Take the records below and set down exactly the lines from the one with "Resin pendant lamp Scoarta" to the one with "Women Shoes-LV best", ends included; do not copy the pictures.

(Records for the task begins)

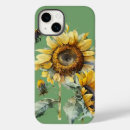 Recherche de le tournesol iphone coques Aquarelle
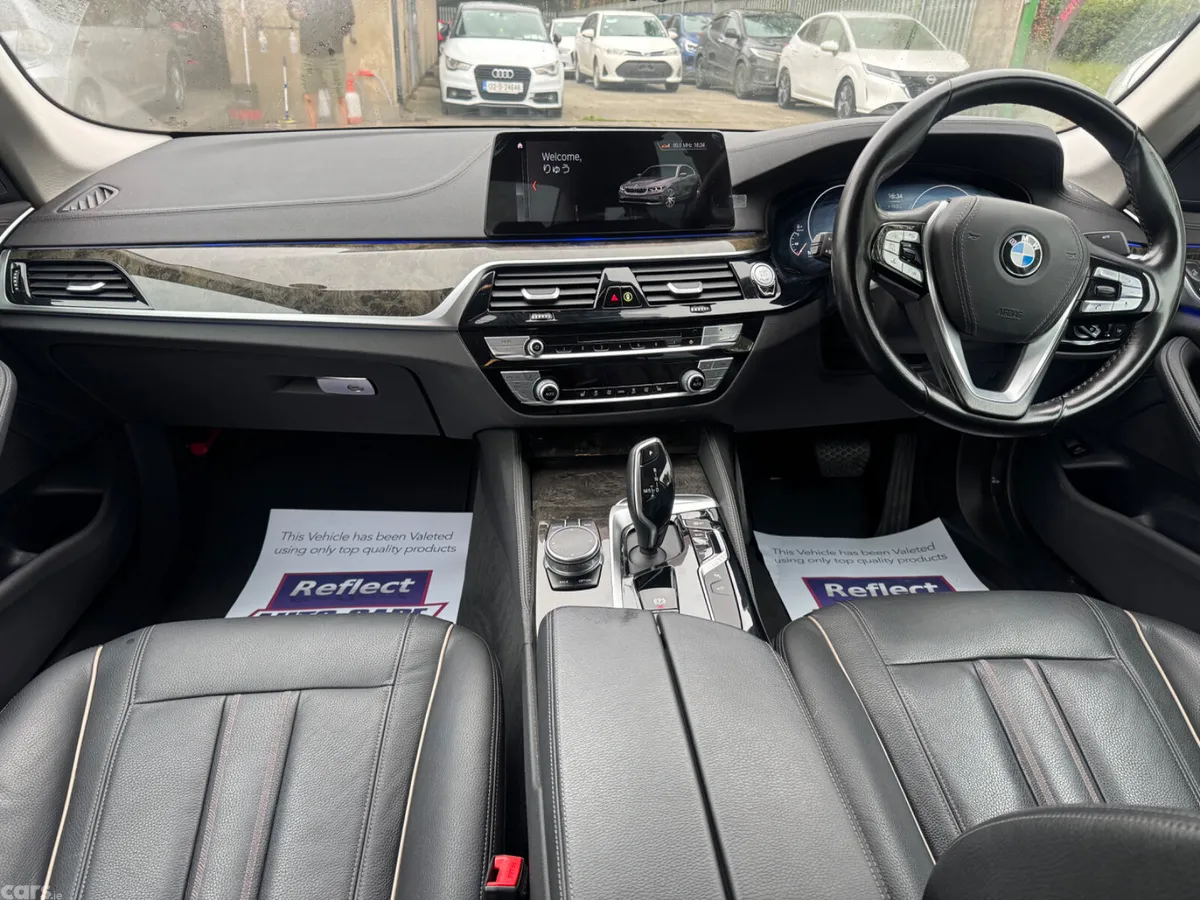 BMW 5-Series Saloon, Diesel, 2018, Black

(Records for the task ends)
(Records for the task begins)

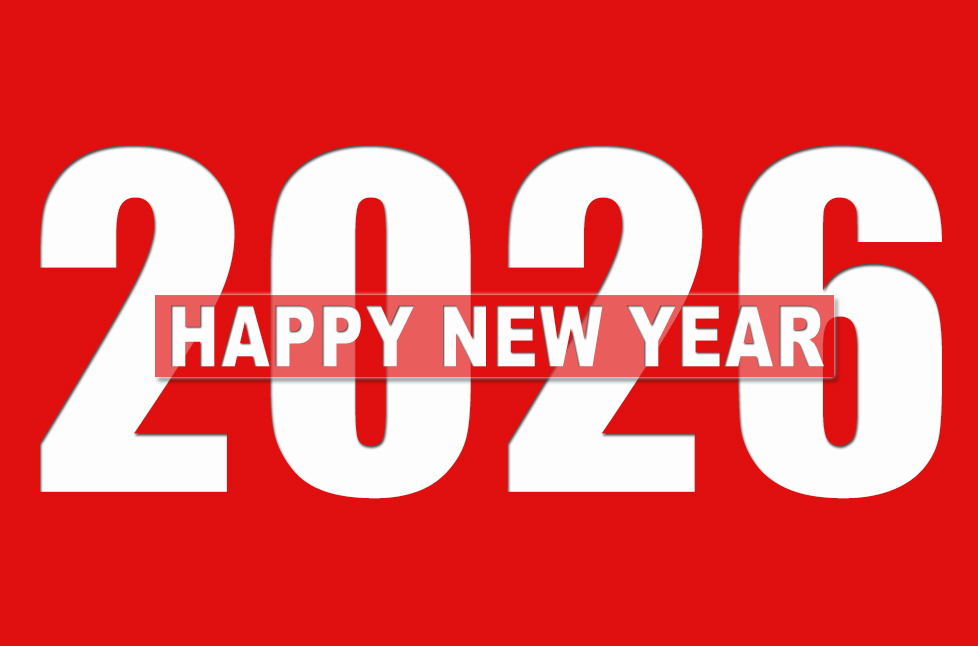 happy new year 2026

(Records for the task ends)
(Records for the task begins)

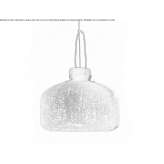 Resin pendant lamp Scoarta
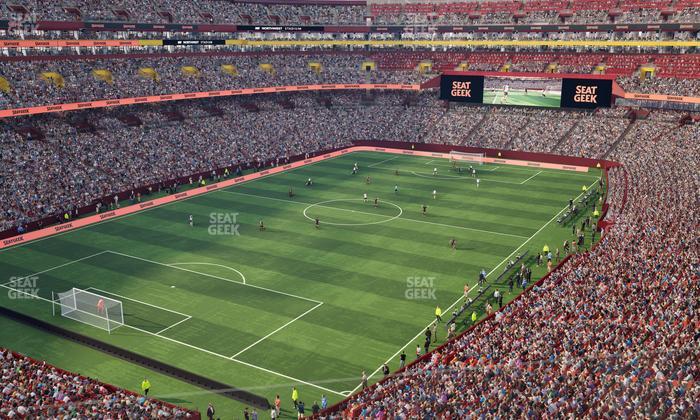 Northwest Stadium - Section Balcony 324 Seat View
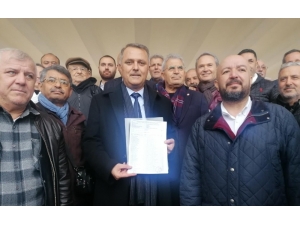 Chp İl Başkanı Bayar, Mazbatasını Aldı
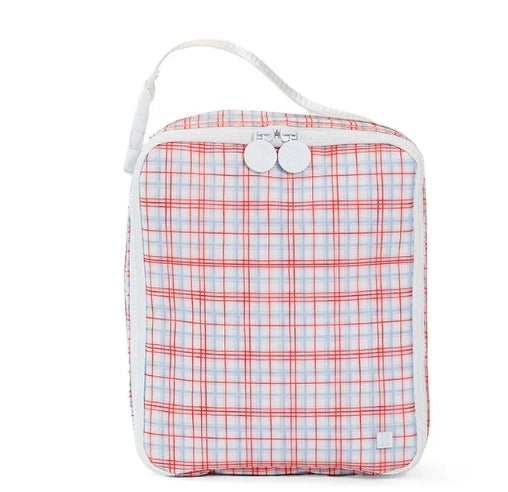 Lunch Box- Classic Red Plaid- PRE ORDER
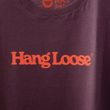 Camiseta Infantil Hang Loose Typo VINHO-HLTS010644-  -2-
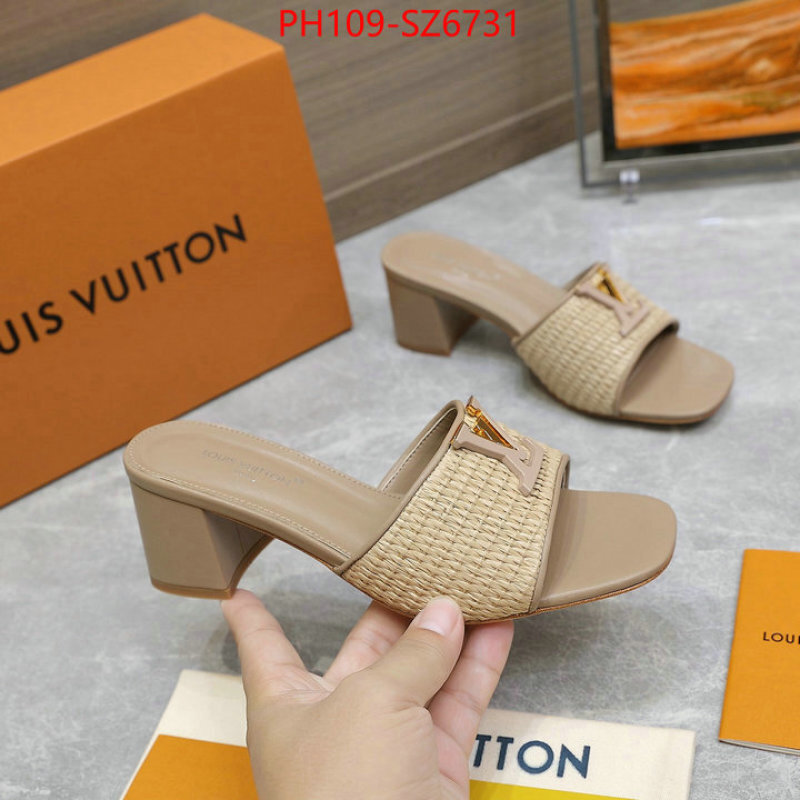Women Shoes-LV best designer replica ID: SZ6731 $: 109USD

(Records for the task ends)

The answer:
 Resin pendant lamp Scoarta
 Northwest Stadium - Section Balcony 324 Seat View
 Chp İl Başkanı Bayar, Mazbatasını Aldı
 Lunch Box- Classic Red Plaid- PRE ORDER
 Camiseta Infantil Hang Loose Typo VINHO-HLTS010644-  -2-
Women Shoes-LV best designer replica ID: SZ6731 $: 109USD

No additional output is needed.